On Wednesday, Ramaphosa paid a courtesy visit to his counterpart in the north African country, Muhammadu Buhari, to discuss economic relations between Africa's largest economies, amid concerns among Nigerians over the safety of their citizens in South Africa.

A high ranking South African diplomat in Nigeria said Pretoria was concerned that Nigerian authorities were deliberately sabotaging South African companies ­- such as MTN - with the aim of kicking them out of the country.

The South African government was also worried that a perception had taken root in Nigeria and among Nigerians in South Africa that South Africans were hostile to Nigerians, and that law enforcement authorities were not dealing with attacks on Nigerians.

"There is a perception by Nigerians that South Africans don't love Nigerians. Even in the Nigerian Parliament the safety of Nigerians in the diaspora gets debated. It is a serious issue that we have," he said.

"The Nigerians need us and we need their market of 200 million people," he added.

The senior official said Nigerian officials were frustrating SA businesses. 

In October 2015, the Federal Government of Nigeria fined MTN $5.2 billion for failing to disconnect subscribers with unregistered and incomplete sim cards.

"What the Nigerians have since done is to come up with with mechanisms to frustrate South African can companies. The penalty against MTN was meant to make sure that they pack up their bags and leave.
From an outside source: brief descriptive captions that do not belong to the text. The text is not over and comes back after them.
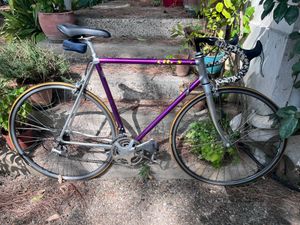 VITUS 992 Ovoid - 1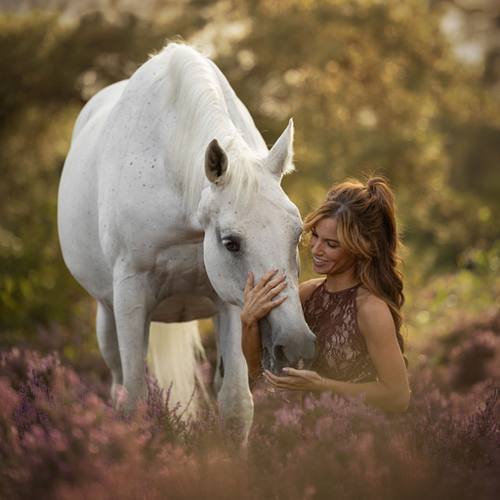 PAARDEN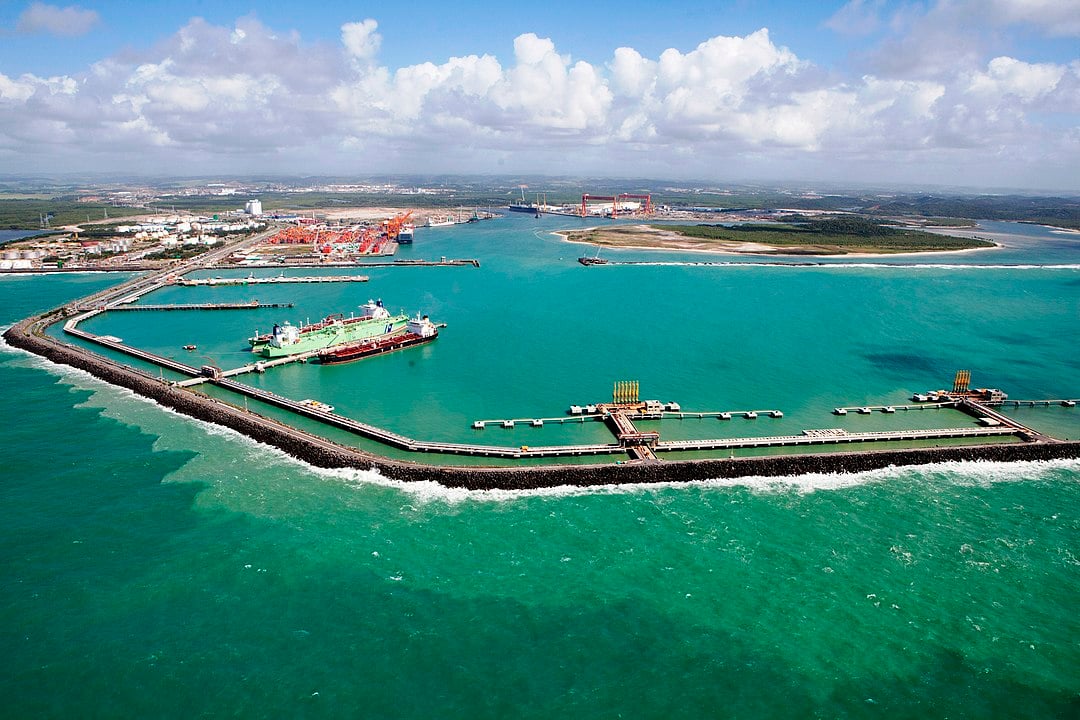 Uma brecha foi aberta nos arrecifes para dar acesso às embarcações, a salinidade foi alterada e berçários naturais destruídos, forçando os tubarões a se deslocarem para o estuário do Rio Jaboatão e as praias do Recife. 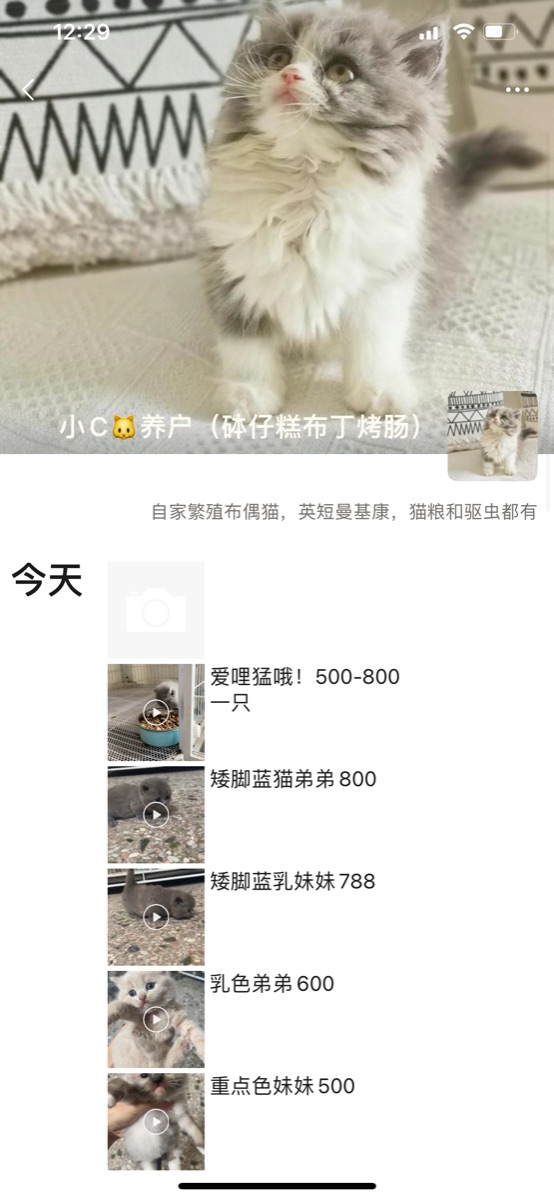 83C32701-91CD-4F29-9244-98539E2ADDD1.png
How do you explain the $5 billion?" he said.

"The fact that we don't have an ambassador in Nigeria is also another challenge," he added.

South African relations with Nigeria have been at a low since the days of former Nigerian president Olusegun Obasanjo, who ruled the country until 2007.

Former President Nelson Mandela had raised the ire of the Nigerian government when he challenged its former president Sani Abacha in the 1990s.

Police Minister Bheki Cele told journalists that it was not true that police targeted Nigerians.

Cele, who accompanied Ramaphosa, said they dealt with crime irrespective of a person's nationality.

Speaking earlier in Nigeria's capital, Abuja, Ramaphosa condemned xenophobic attacks on foreign nationals, and made an undertaking that one of the issues he will discuss with Buhari is the safety of Nigerians.

Ramaphosa, who also has Defence Minister Nosiviwe Mapisa Ngcakula and Energy Minister Jeff Radebe in his delegation, among others, said he wanted to see relations between Nigeria and South Africa improve "exponentially".

Earlier Ramaphosa participated in a panel discussion during the annual meeting of the African Export-Import Bank (Afreximbank) at the Hilton hotel in Abuja.

During the discussion, Ramaphosa had to field a difficult question from one of the Nigeria's investors, Uju Ifejika, an oil trader, who said she would not invest in South Africa because of attacks on Nigerians.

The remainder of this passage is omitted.